• _Source data_
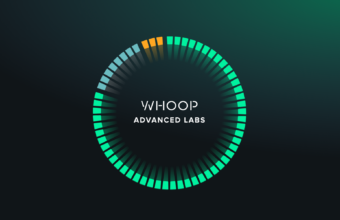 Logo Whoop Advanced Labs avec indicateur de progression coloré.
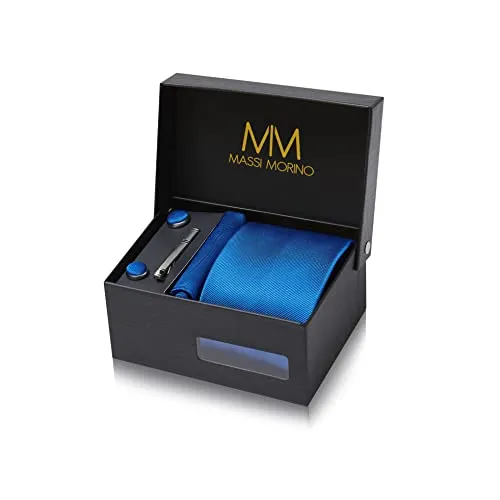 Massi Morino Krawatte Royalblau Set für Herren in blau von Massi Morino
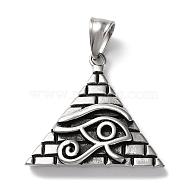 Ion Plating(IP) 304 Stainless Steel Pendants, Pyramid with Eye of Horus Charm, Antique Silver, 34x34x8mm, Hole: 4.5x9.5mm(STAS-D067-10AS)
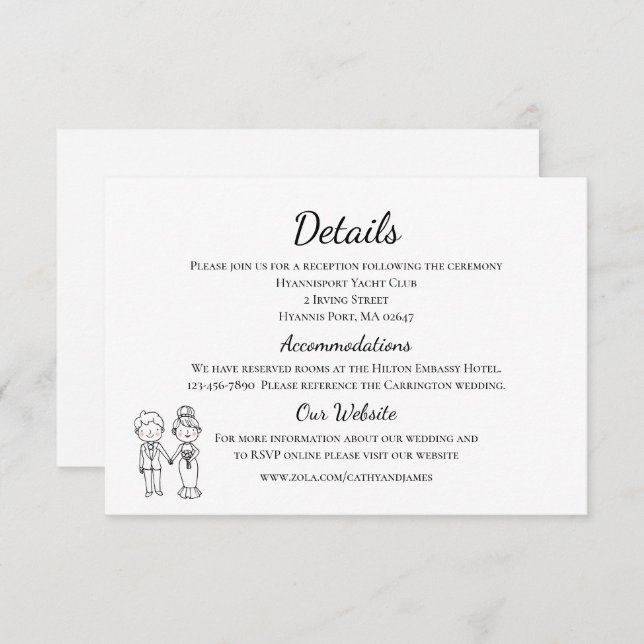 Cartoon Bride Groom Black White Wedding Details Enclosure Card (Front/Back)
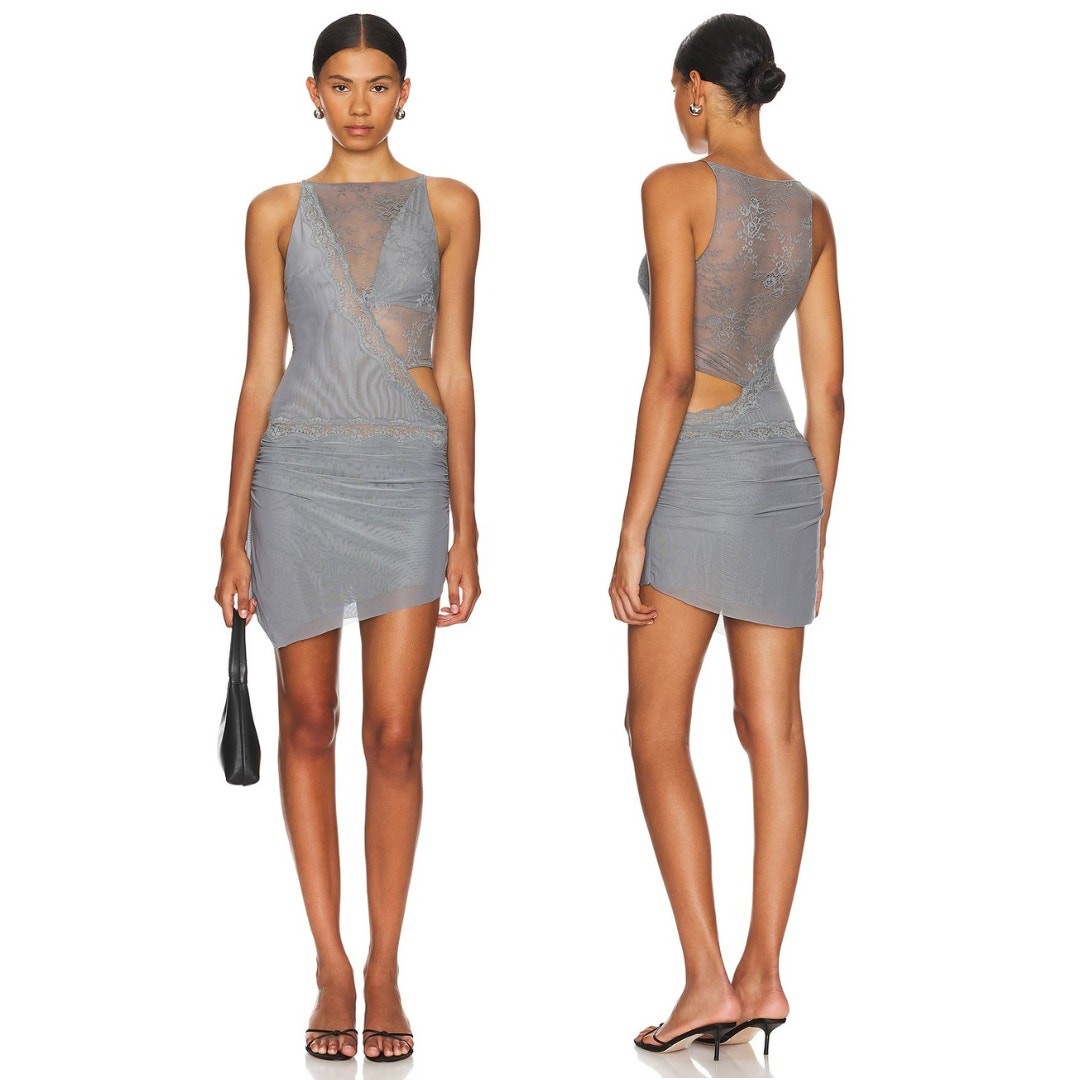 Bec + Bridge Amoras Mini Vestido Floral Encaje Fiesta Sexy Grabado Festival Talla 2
...
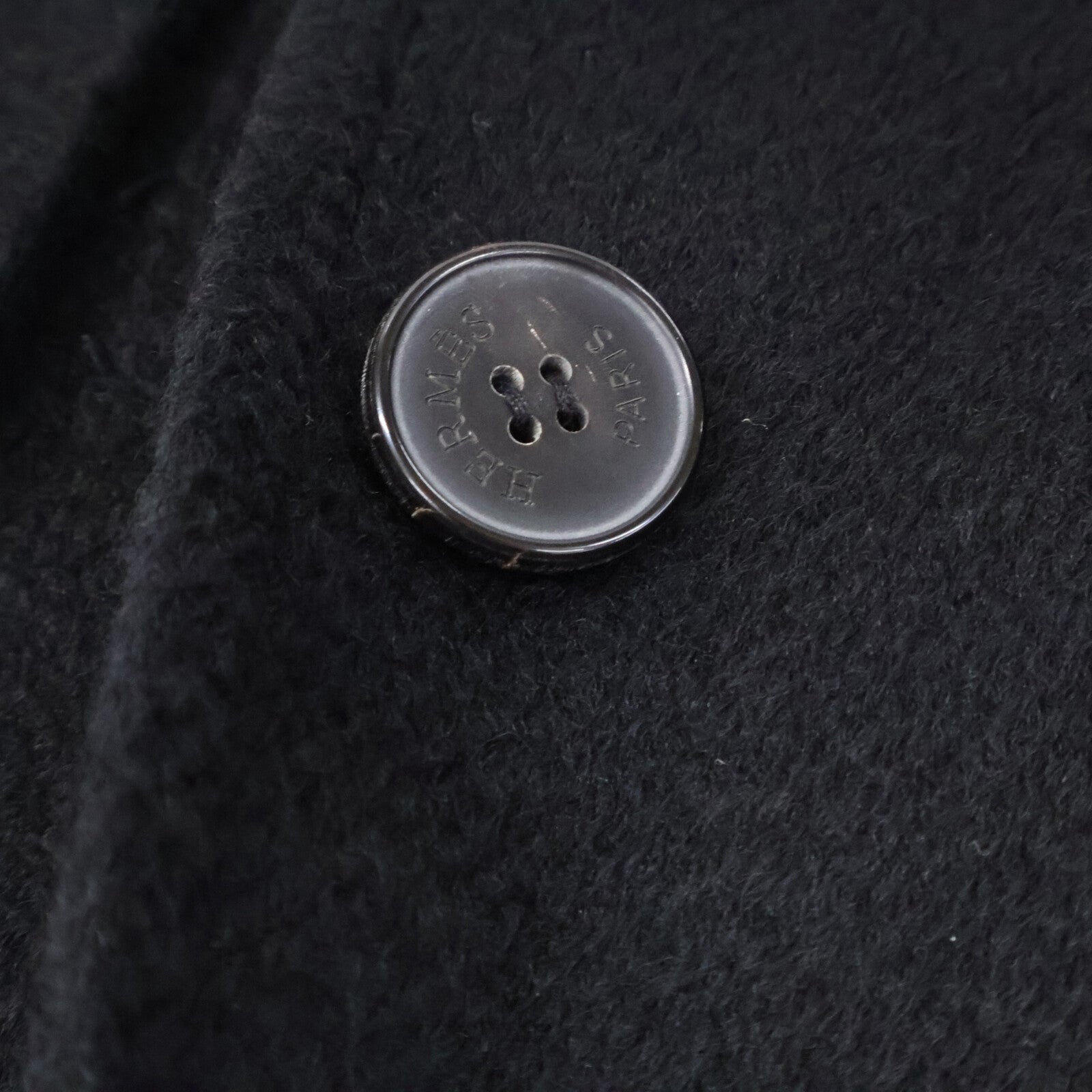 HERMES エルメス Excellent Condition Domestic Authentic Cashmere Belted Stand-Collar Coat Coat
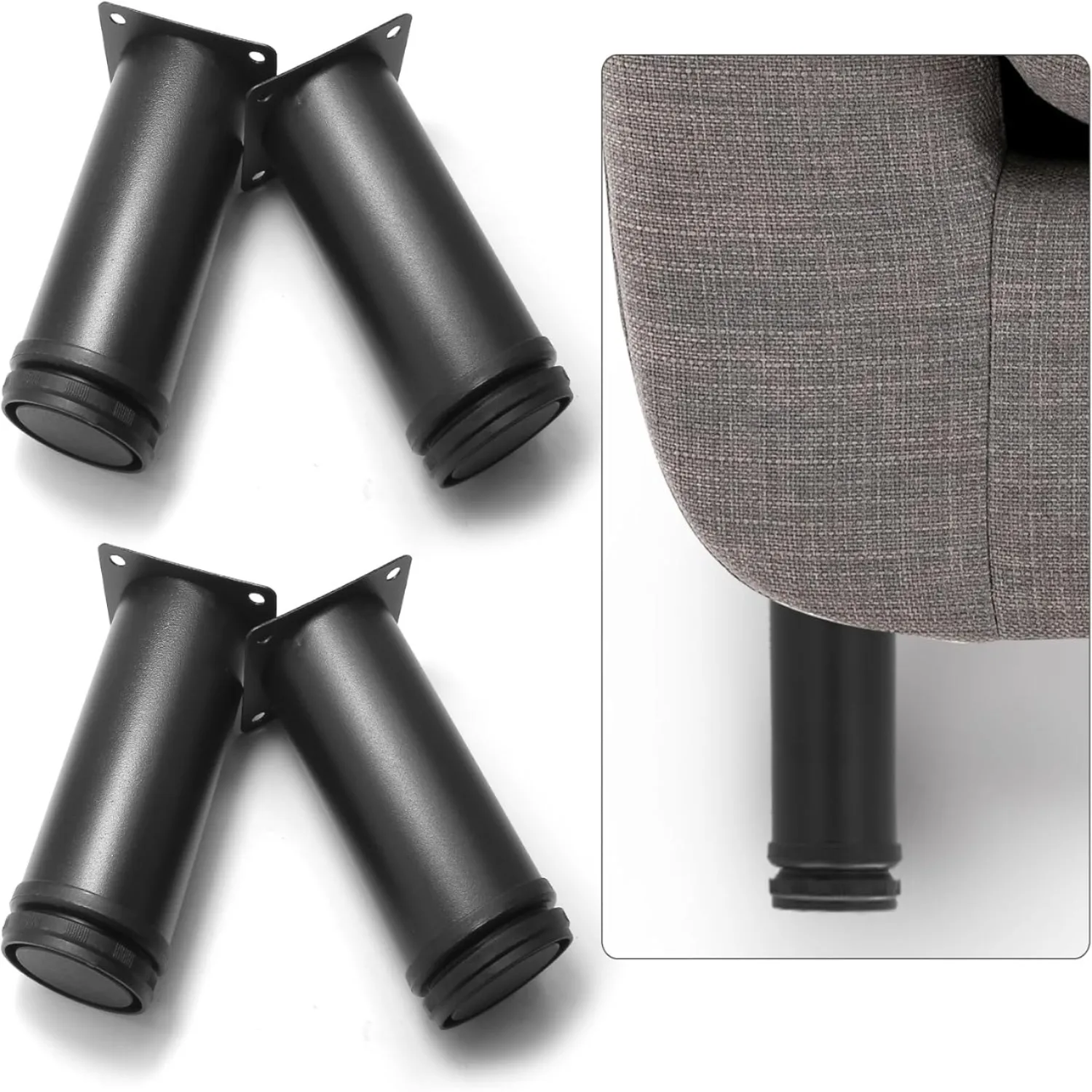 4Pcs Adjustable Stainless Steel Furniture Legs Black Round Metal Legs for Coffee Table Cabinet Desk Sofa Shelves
...
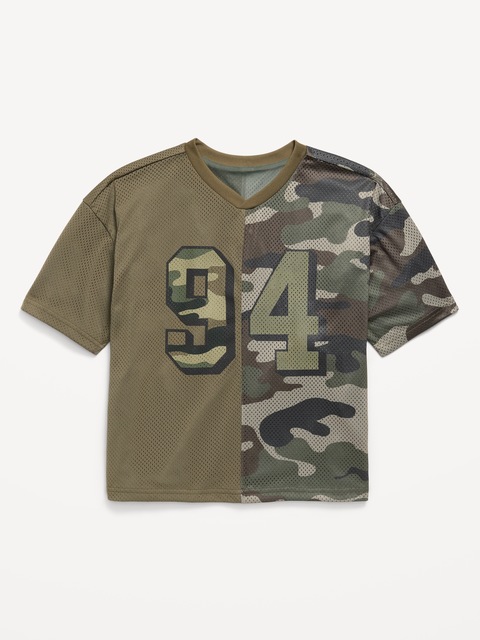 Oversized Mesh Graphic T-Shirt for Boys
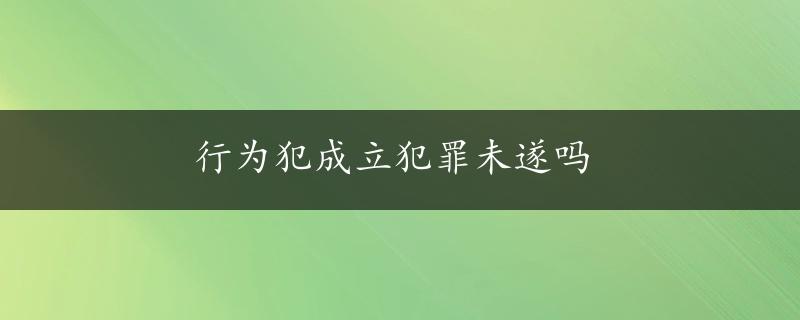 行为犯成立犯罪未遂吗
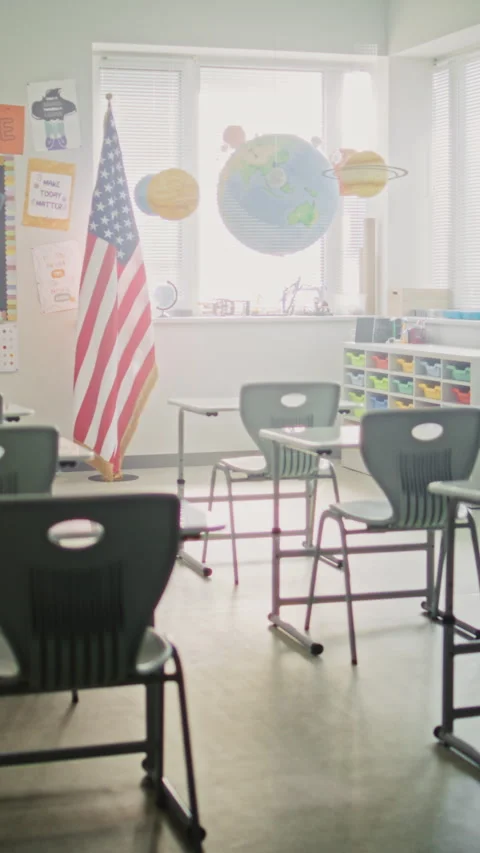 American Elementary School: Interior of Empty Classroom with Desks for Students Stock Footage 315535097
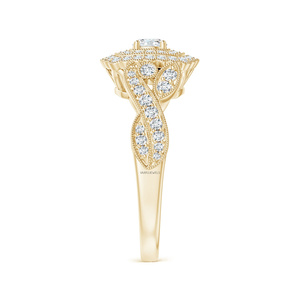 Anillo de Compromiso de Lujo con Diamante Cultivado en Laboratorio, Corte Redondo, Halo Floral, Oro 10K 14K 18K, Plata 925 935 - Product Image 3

• _Requirement_
Begin at the line in the entries above that has "Logo Whoop Advanced", stop after the line that has "Bec + Bridge", and output exactly those lines without pictures.

• _Written response_
 Logo Whoop Advanced Labs avec indicateur de progression coloré.
 Massi Morino Krawatte Royalblau Set für Herren in blau von Massi Morino
 Ion Plating(IP) 304 Stainless Steel Pendants, Pyramid with Eye of Horus Charm, Antique Silver, 34x34x8mm, Hole: 4.5x9.5mm(STAS-D067-10AS)
 Cartoon Bride Groom Black White Wedding Details Enclosure Card (Front/Back)
 Bec + Bridge Amoras Mini Vestido Floral Encaje Fiesta Sexy Grabado Festival Talla 2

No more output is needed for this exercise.